**EXERCISE INSTRUCTIONS:**
Reproduce the data exactly, leaving nothing out.

[GIVEN RECORDS — start]

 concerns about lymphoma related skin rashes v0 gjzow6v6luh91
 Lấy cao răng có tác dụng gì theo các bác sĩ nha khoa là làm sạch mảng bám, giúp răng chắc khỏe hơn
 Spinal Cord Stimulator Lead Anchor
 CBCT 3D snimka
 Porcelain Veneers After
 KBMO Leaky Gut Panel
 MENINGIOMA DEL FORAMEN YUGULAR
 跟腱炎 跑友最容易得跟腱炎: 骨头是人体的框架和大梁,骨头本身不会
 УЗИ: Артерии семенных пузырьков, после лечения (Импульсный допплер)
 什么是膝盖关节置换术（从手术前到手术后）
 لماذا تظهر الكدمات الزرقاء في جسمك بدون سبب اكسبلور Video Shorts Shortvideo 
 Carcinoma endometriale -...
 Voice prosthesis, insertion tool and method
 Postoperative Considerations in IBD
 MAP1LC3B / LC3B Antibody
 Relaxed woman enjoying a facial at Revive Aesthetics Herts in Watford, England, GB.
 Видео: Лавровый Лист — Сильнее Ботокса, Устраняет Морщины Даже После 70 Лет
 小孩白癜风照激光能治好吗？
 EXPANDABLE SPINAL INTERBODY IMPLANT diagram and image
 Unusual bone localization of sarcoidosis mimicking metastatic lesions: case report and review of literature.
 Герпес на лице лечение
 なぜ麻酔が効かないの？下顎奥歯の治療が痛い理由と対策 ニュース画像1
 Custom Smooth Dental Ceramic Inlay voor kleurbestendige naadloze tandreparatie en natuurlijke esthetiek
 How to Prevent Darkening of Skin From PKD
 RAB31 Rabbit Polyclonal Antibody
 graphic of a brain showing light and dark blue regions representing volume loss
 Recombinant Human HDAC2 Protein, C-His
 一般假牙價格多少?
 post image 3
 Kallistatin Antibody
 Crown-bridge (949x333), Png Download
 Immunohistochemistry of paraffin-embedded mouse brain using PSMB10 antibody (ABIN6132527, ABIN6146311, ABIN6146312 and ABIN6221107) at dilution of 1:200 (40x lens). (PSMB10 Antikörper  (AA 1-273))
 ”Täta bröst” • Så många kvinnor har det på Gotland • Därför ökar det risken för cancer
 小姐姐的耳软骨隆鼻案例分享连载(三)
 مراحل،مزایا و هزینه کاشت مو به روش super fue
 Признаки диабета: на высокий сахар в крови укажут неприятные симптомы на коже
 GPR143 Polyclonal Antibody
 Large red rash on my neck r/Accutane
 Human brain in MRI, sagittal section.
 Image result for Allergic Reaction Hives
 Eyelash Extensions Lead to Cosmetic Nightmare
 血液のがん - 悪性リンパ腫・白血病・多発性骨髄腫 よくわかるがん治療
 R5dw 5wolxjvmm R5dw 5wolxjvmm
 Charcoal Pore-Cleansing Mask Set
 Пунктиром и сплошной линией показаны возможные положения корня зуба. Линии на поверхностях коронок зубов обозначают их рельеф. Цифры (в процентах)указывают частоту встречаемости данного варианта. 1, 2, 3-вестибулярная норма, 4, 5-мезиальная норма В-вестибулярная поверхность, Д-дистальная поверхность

[GIVEN RECORDS — finish]

**YOUR SOLUTION:**
 concerns about lymphoma related skin rashes v0 gjzow6v6luh91
 Lấy cao răng có tác dụng gì theo các bác sĩ nha khoa là làm sạch mảng bám, giúp răng chắc khỏe hơn
 Spinal Cord Stimulator Lead Anchor
 CBCT 3D snimka
 Porcelain Veneers After
 KBMO Leaky Gut Panel
 MENINGIOMA DEL FORAMEN YUGULAR
 跟腱炎 跑友最容易得跟腱炎: 骨头是人体的框架和大梁,骨头本身不会
 УЗИ: Артерии семенных пузырьков, после лечения (Импульсный допплер)
 什么是膝盖关节置换术（从手术前到手术后）
 لماذا تظهر الكدمات الزرقاء في جسمك بدون سبب اكسبلور Video Shorts Shortvideo 
 Carcinoma endometriale -...
 Voice prosthesis, insertion tool and method
 Postoperative Considerations in IBD
 MAP1LC3B / LC3B Antibody
 Relaxed woman enjoying a facial at Revive Aesthetics Herts in Watford, England, GB.
 Видео: Лавровый Лист — Сильнее Ботокса, Устраняет Морщины Даже После 70 Лет
 小孩白癜风照激光能治好吗？
 EXPANDABLE SPINAL INTERBODY IMPLANT diagram and image
 Unusual bone localization of sarcoidosis mimicking metastatic lesions: case report and review of literature.
 Герпес на лице лечение
 なぜ麻酔が効かないの？下顎奥歯の治療が痛い理由と対策 ニュース画像1
 Custom Smooth Dental Ceramic Inlay voor kleurbestendige naadloze tandreparatie en natuurlijke esthetiek
 How to Prevent Darkening of Skin From PKD
 RAB31 Rabbit Polyclonal Antibody
 graphic of a brain showing light and dark blue regions representing volume loss
 Recombinant Human HDAC2 Protein, C-His
 一般假牙價格多少?
 post image 3
 Kallistatin Antibody
 Crown-bridge (949x333), Png Download
 Immunohistochemistry of paraffin-embedded mouse brain using PSMB10 antibody (ABIN6132527, ABIN6146311, ABIN6146312 and ABIN6221107) at dilution of 1:200 (40x lens). (PSMB10 Antikörper  (AA 1-273))
 ”Täta bröst” • Så många kvinnor har det på Gotland • Därför ökar det risken för cancer
 小姐姐的耳软骨隆鼻案例分享连载(三)
 مراحل،مزایا و هزینه کاشت مو به روش super fue
 Признаки диабета: на высокий сахар в крови укажут неприятные симптомы на коже
 GPR143 Polyclonal Antibody
 Large red rash on my neck r/Accutane
 Human brain in MRI, sagittal section.
 Image result for Allergic Reaction Hives
 Eyelash Extensions Lead to Cosmetic Nightmare
 血液のがん - 悪性リンパ腫・白血病・多発性骨髄腫 よくわかるがん治療
 R5dw 5wolxjvmm R5dw 5wolxjvmm
 Charcoal Pore-Cleansing Mask Set
 Пунктиром и сплошной линией показаны возможные положения корня зуба. Линии на поверхностях коронок зубов обозначают их рельеф. Цифры (в процентах)указывают частоту встречаемости данного варианта. 1, 2, 3-вестибулярная норма, 4, 5-мезиальная норма В-вестибулярная поверхность, Д-дистальная поверхность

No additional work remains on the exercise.